Extracted information START

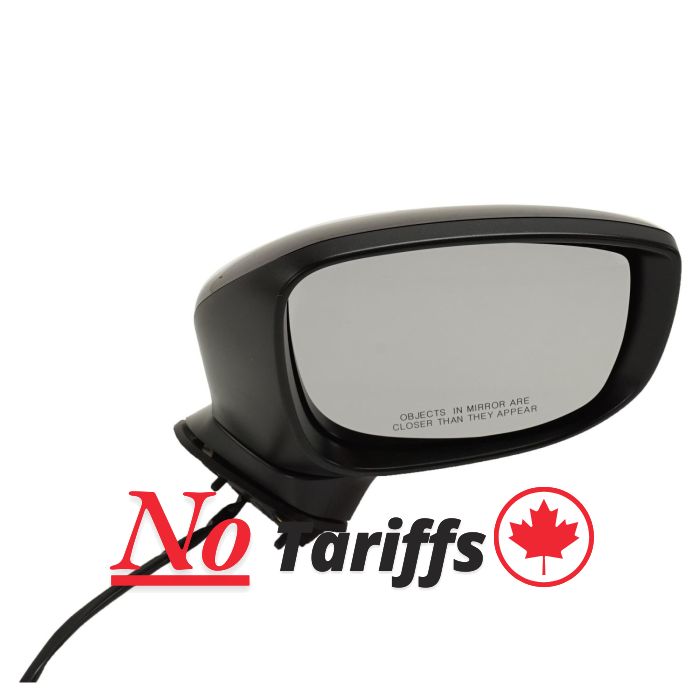 2017-2018 Mazda CX5 Passenger Side Power Door Mirror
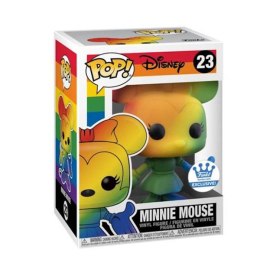 Funko POP! Figurka Disney Minnie Mouse 23 rainbow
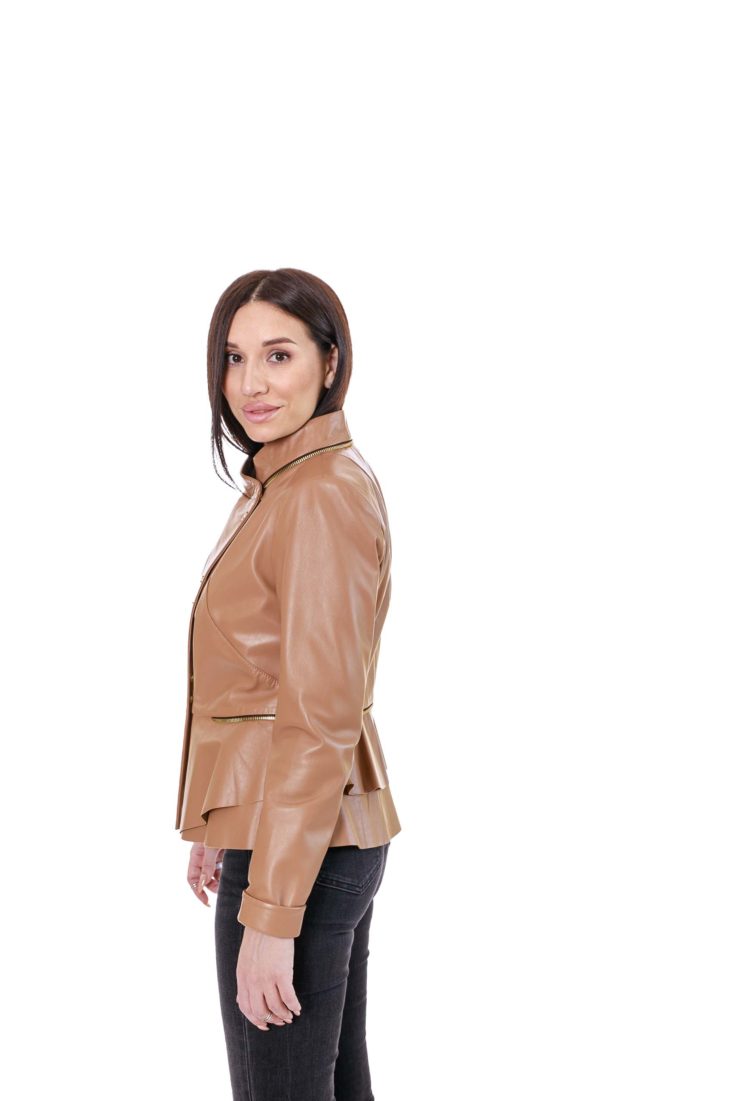 Куртка женская из натуральной кожи Dio Gomez 15446-B купить в Уфе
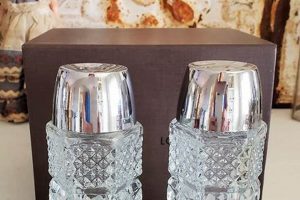 Spice Up Your Collection: Vintage Glass Salt & Pepper Shakers Vintage Treasures: Discover Rare Antiques, Collectibles & Retro Finds Spice Up Your Collection: Vintage Glass Salt & Pepper Shakers | Vintage Treasures: Discover Rare Antiques, Collectibles & Retro Finds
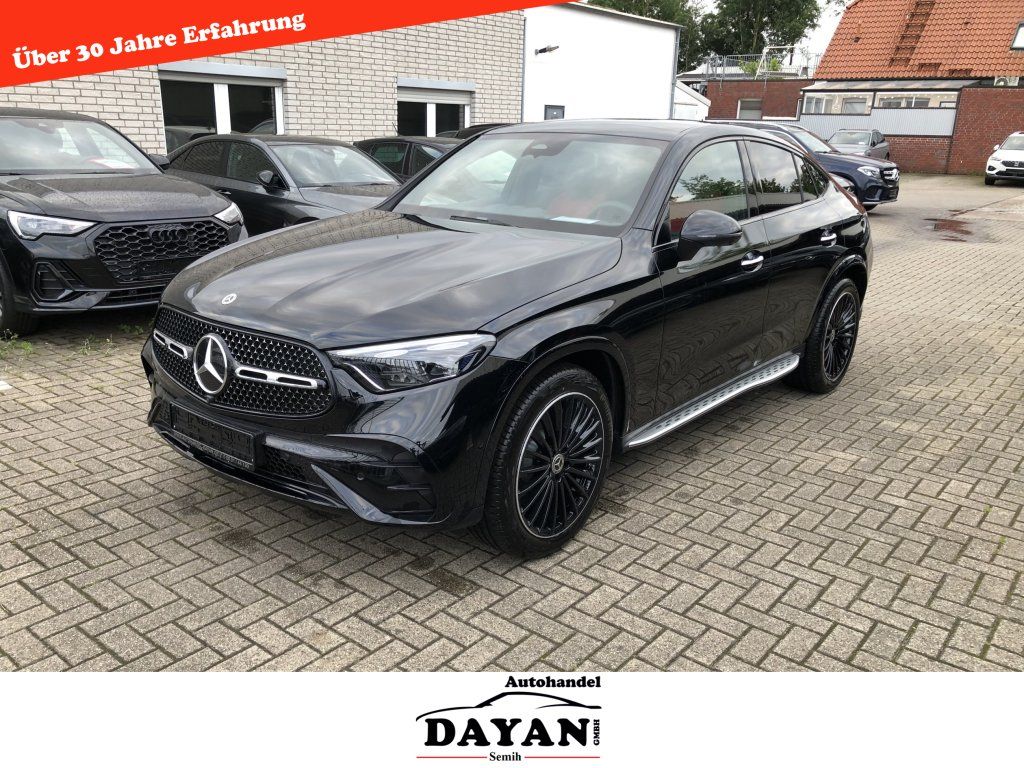 Mercedes-Benz GLC 200 4M AMG Coupe Pano Head Memo Burm
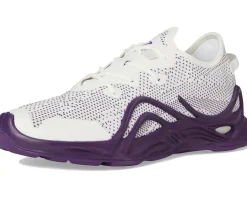ECCO Sport Biom Infinite Textile Knit Fashion Sneaker Bright White/Imperial Purple New
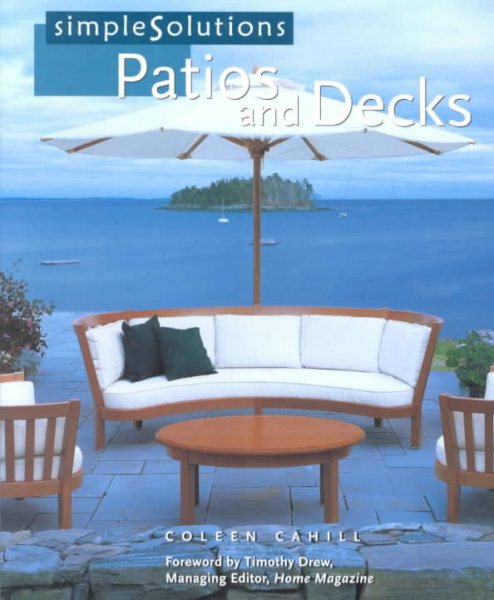Simple Solutions: Patios & Decks cover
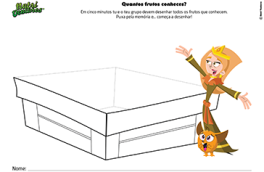 Quantos frutos conheces?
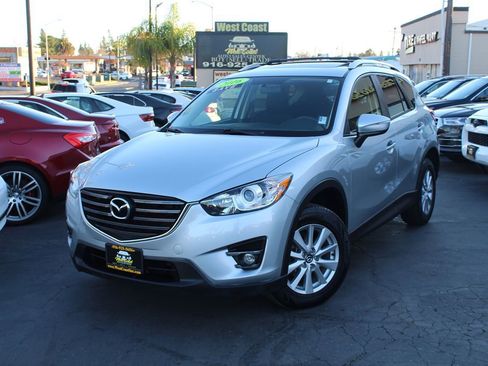 Used 2016 MAZDA CX-5 Touring w/ Bose/Moonroof Package image 39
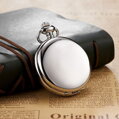 Kapesní hodinky OYW-01 Silver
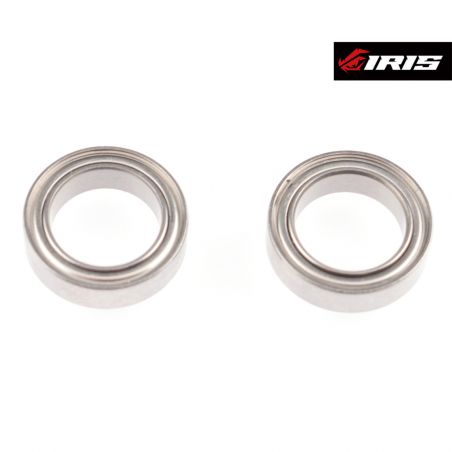 Iris 10x15x4mm Ceramic Ball Bearing (2pcs) IRIS-81107
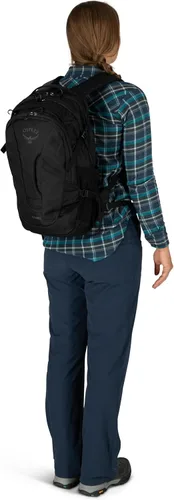 Vista 6 de Mochila para portátil Osprey Comet, Azul Atlas Atlas azul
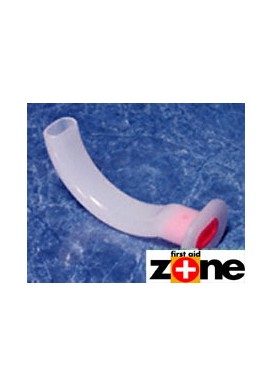 Oral Airway - Medium Adult - Size 4, 100 mm  (Red)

Extracted information END

Directions:
Give back the material above exactly as written, but omit the images.

Exercise output:
 2017-2018 Mazda CX5 Passenger Side Power Door Mirror
 Funko POP! Figurka Disney Minnie Mouse 23 rainbow
 Куртка женская из натуральной кожи Dio Gomez 15446-B купить в Уфе
 Spice Up Your Collection: Vintage Glass Salt & Pepper Shakers Vintage Treasures: Discover Rare Antiques, Collectibles & Retro Finds Spice Up Your Collection: Vintage Glass Salt & Pepper Shakers | Vintage Treasures: Discover Rare Antiques, Collectibles & Retro Finds
 Mercedes-Benz GLC 200 4M AMG Coupe Pano Head Memo Burm
ECCO Sport Biom Infinite Textile Knit Fashion Sneaker Bright White/Imperial Purple New
Simple Solutions: Patios & Decks cover
 Quantos frutos conheces?
 Used 2016 MAZDA CX-5 Touring w/ Bose/Moonroof Package image 39
 Kapesní hodinky OYW-01 Silver
 Iris 10x15x4mm Ceramic Ball Bearing (2pcs) IRIS-81107
 Vista 6 de Mochila para portátil Osprey Comet, Azul Atlas Atlas azul
 Oral Airway - Medium Adult - Size 4, 100 mm  (Red)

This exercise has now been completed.